It will be observed that the story of Ali Baba and the Forty Thieves has been tacked on to the story of the two brothers. Or does the version recounted to me represent an earlier form of that in the Arabian Nights? Unfortunately the narrator forgot the crucial point of the story, where the brigand chief would have first promised to bring some more “first-class” oil to the merchant and then have told his companions to provide forty ballasis or jars—so called from their being made at Ballas—inside which they were to be concealed.


Customs and Beliefs.

The Cairenes say:

“Shâmi shûmi;
Masri ḥarâmi;
Kilâb er-Rûmi;
Iskanderi kilâb el-ḥawâmi.”   
“A Syrian is unlucky;
an Egyptian a thief;
dogs are the Greeks;
Alexandrians are dogs of the rover.”

Children say on a festival:

“Yôm el-waqfa
Nitbakh shaqfa;
Yôm el‘îd
Min bakht sa‘îd.”   
“Eve of the festival
we will cook a potsherd;
the day of the feast
is happy in luck.”

Said of the shîḥ or “wormwood” (Artemisia maritima) which is used for putting into clothes and rugs in order to keep insects away:

“Esh-shîḥ
fîl-bêt malîh.”   
“Wormwood
is salt in the house.”

The shîḥ is believed in Upper Egypt to keep serpents out of a house.
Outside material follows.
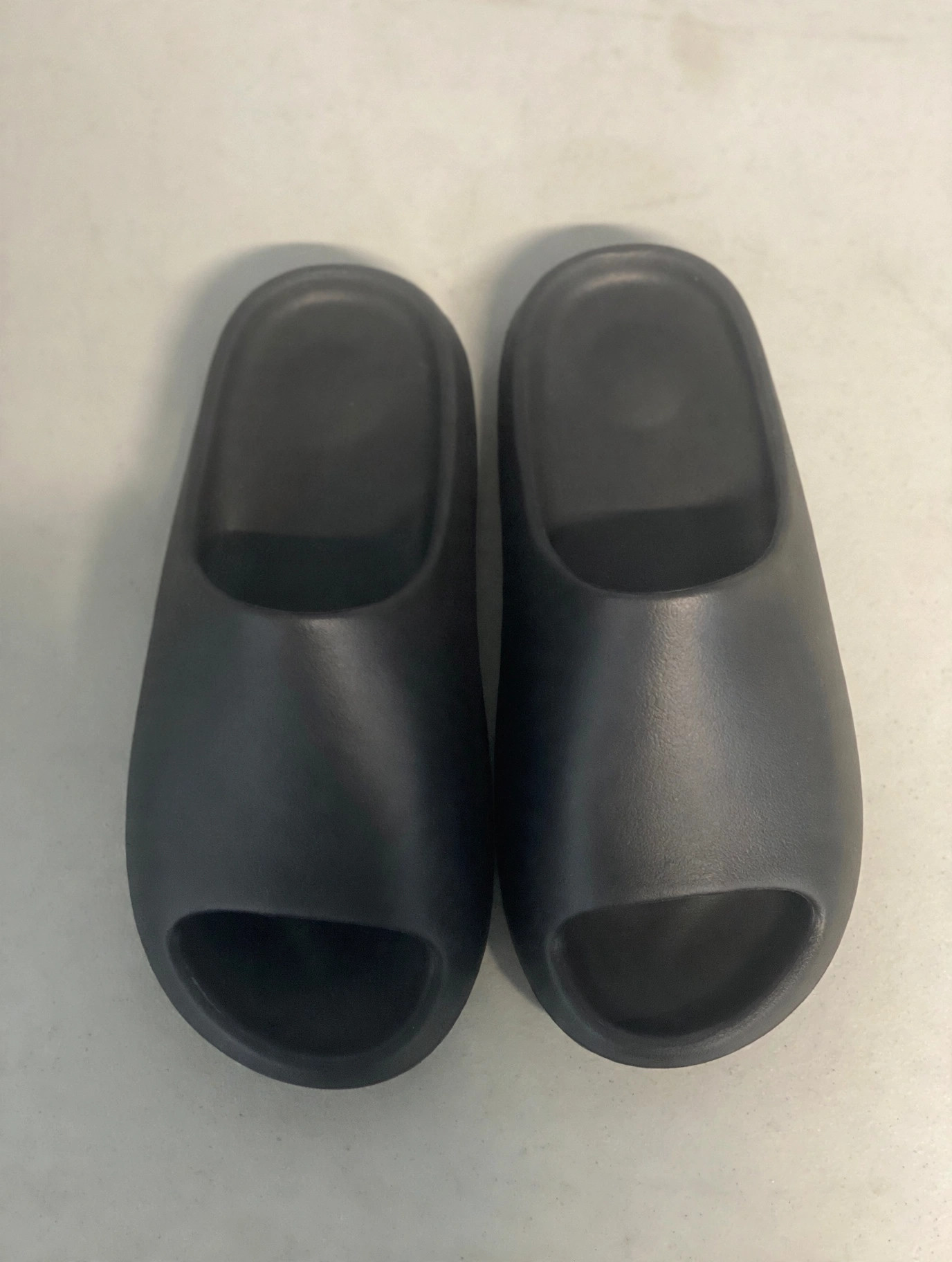 Black YS-01 Onyx slides inside their packaging bag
When the new moon is first seen they say:

“Ḥill hilâlak,
Shaḥr mubârak!
Khêrak ‘alêna!
Sharrak taḥt riglêna!”   
“Loosen thy crescent,
blessed month!
Thy blessing be on us,
thine evil under our feet!”

Children call mushrooms “crows’ bread.”

The marching order of troops was imitated from that of the wild geese of ‘Iraq (Babylonia) who also always appoint a sentinel to keep watch at night.

“When Adam was created he did not know what the time was and therefore when he ought to say his prayers. Accordingly he asked God to let him know the time. So God made the cock in order that it might crow” (yiddan; from the same verb come mueddin, “the summoner to prayer,” and mâdna, “minaret,” from whence the call to prayer is made).

“When Adam was on the mountain God showed him bread in the plain below. Instead of waiting till the bread should come to him Adam ran after it; hence it has been necessary ever since to run after bread, grinding the corn and kneading the flour until it is made.”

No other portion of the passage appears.